- WORK REQUEST -
Your task is to work out how many lines in the data that follows hold "with" and to state that number alone.

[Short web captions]
╔══

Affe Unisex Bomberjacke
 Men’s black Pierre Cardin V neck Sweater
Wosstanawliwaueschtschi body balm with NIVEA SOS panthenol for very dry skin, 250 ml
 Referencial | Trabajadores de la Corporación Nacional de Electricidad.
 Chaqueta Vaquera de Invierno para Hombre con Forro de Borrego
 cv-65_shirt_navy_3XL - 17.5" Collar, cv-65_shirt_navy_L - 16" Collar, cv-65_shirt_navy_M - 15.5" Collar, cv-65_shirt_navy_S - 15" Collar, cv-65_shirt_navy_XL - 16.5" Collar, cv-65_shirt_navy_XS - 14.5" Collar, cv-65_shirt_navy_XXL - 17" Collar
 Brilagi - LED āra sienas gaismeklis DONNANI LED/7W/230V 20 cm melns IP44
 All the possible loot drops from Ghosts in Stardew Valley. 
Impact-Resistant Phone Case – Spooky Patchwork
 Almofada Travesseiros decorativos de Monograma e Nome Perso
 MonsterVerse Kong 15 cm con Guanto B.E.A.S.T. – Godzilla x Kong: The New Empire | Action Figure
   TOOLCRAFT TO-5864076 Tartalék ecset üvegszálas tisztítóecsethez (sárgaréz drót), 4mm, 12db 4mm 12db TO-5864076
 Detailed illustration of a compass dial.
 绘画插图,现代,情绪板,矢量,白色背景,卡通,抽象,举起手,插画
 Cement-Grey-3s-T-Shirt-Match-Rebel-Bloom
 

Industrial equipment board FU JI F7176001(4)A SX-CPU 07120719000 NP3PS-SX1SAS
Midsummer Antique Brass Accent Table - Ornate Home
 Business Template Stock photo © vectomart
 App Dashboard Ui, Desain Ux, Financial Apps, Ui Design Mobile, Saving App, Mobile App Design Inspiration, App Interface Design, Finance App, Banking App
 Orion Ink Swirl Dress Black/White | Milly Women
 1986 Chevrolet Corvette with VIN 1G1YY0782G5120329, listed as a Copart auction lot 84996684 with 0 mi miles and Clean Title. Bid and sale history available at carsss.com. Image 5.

╚══

- FINISHED EXERCISE -
2